Joaqui Trillo

Personal information
- Nationality: Filipino

Career information
- College: De La Salle
- Coaching career: 1978–1986

Career history

As a coach:
- 1978–1986: De La Salle

Career highlights
- As executive: 14× PBA champion (1991 Third Conference, 1994 Governors', 1995 Governors', 1996 All-Filipino, 1996 Commissioner's, 1996 Governors', 1997 Governors' 1998 All-Filipino, 1998 Commissioner's, 2000 All-Filipino, 2003 Invitational, 2007 Fiesta, 2010 Fiesta, 2013 Commissioner's); Grand Slam champion (1996);

= Joaqui Trillo =

Filipino basketball coach and executive

Joaquin "Joaqui" Llamas Trillo is a Filipino former basketball coach and executive formerly served on Alaska Aces.

== Career ==

=== Early career ===
Trillo played for La Salle under Tito Eduque. He coached the team from 1978 (they are still in NCAA) until 1986.

=== Alaska ===
In 1990, Fred Uytengsu hired Trillo as the manager of Alaska Air Force.

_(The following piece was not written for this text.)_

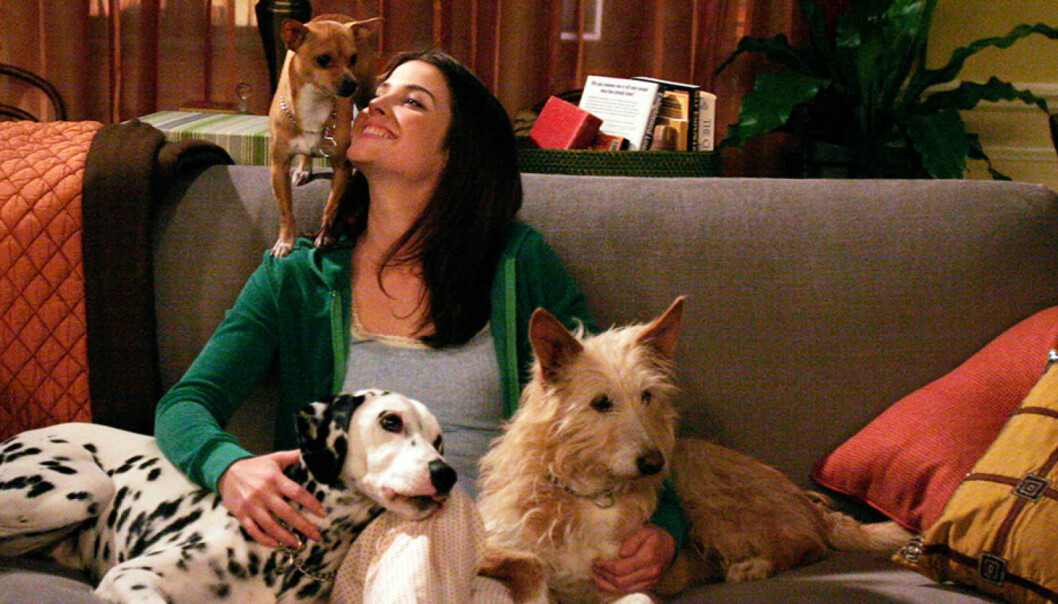 robin i how i met your mother med sina hundar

Together with Tim Cone, they won multiple championship, including a Grand Slam in 1996. After Cone left Alaska, Trillo was promoted as Governor of the team in 2012 until 2014.

=== Other ===
Aside from sports, he also delved into show business. He appeared in Nescafé and Maggi commercials and was invited as a guest for two consecutive weeks on ‘Home Along Da Riles’. He also served as a color commentator on PBA on Vintage Sports 1984 to 1989, and on UAAP on Silverstar Sports in late 1990s.

== Personal life ==
Trillo married Imelda Crisostomo. The couple have children named: Luigi, the coach of Meralco Bolts; Paolo, also in Meralco as its manager, Cheska, and Carlo.